Glencairn Abbey land was, in the 7th century, part of the great monastic settlement of St. Carthage of Lismore. The Viking raids of pillage and burnings in the 9th and 10th centuries were eventually followed by the plundering Normans. However, in the 12th century Christian O’Conarchy, of Mellifont Abbey, became the first Irish Cistercian to be Bishop of Lismore.
Through the centuries, wars were fought between the Butlers of Ormond and the Fitzgeralds of Desmond. Eventually, Richard Boyle, the ‘Great Earl of Cork’ gained the lands. He built several castles, and one of them, built in 1609, and occupied by his sister Margaret and her husband Piers Power, was Ballygarron (or Ballengrane), on the site now occupied by St. Mary’s Abbey, Glencairn. Part of the original castle, a cellar, still in use, and some walls, remain from 1609 and have been incorporated into the present building.
In 1695, Richard Gumbleton, a Cromwellian soldier who had property in Curraglass near Tallow, acquired what remained of the house and land. He rebuilt the house; the monastery’s South Wing dates back to this time, and he changed the name to Castlerichard.

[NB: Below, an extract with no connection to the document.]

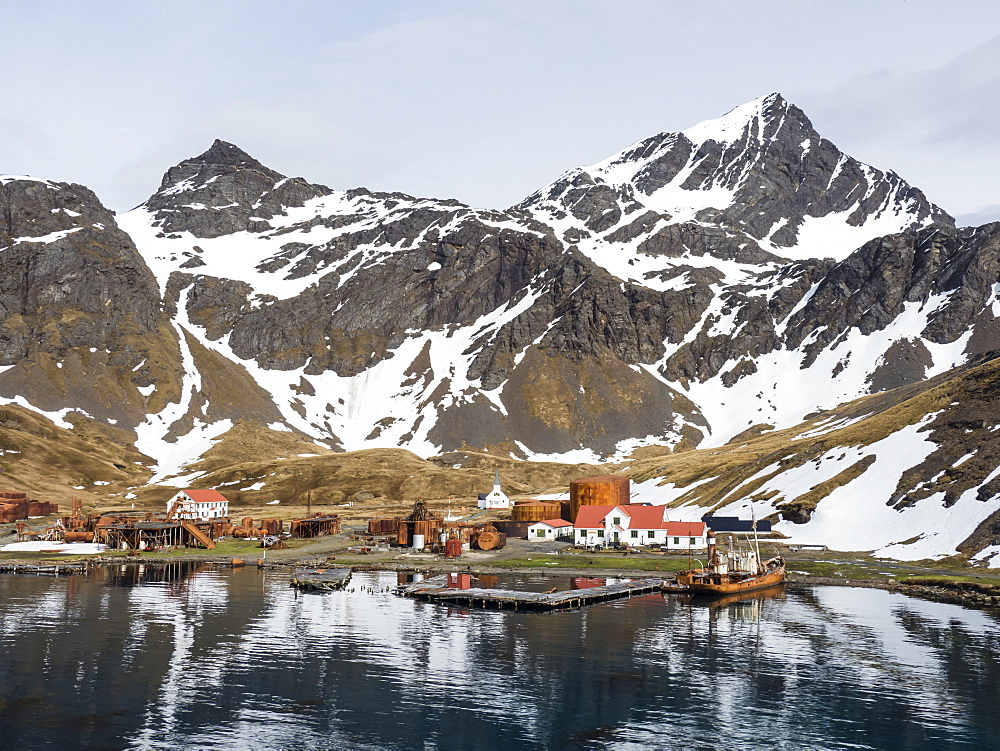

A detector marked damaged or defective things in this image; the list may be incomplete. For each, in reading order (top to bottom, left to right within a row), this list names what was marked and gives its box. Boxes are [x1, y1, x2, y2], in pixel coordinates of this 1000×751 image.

In the 18th and 19th century the West and East wings were added, and the name was changed once again, this time to Glencairn Abbey. Twice during the centuries, a daughter inherited. In the early 1800’s Lavinia Gumbleton married Henry Amyas Bushe of Kilfane; towards the end of that century, Frances Anne Bushe married Ambrose William Bushe Power. The Power family continued to live in Glencairn Abbey until 1922, when the property was put up for sale.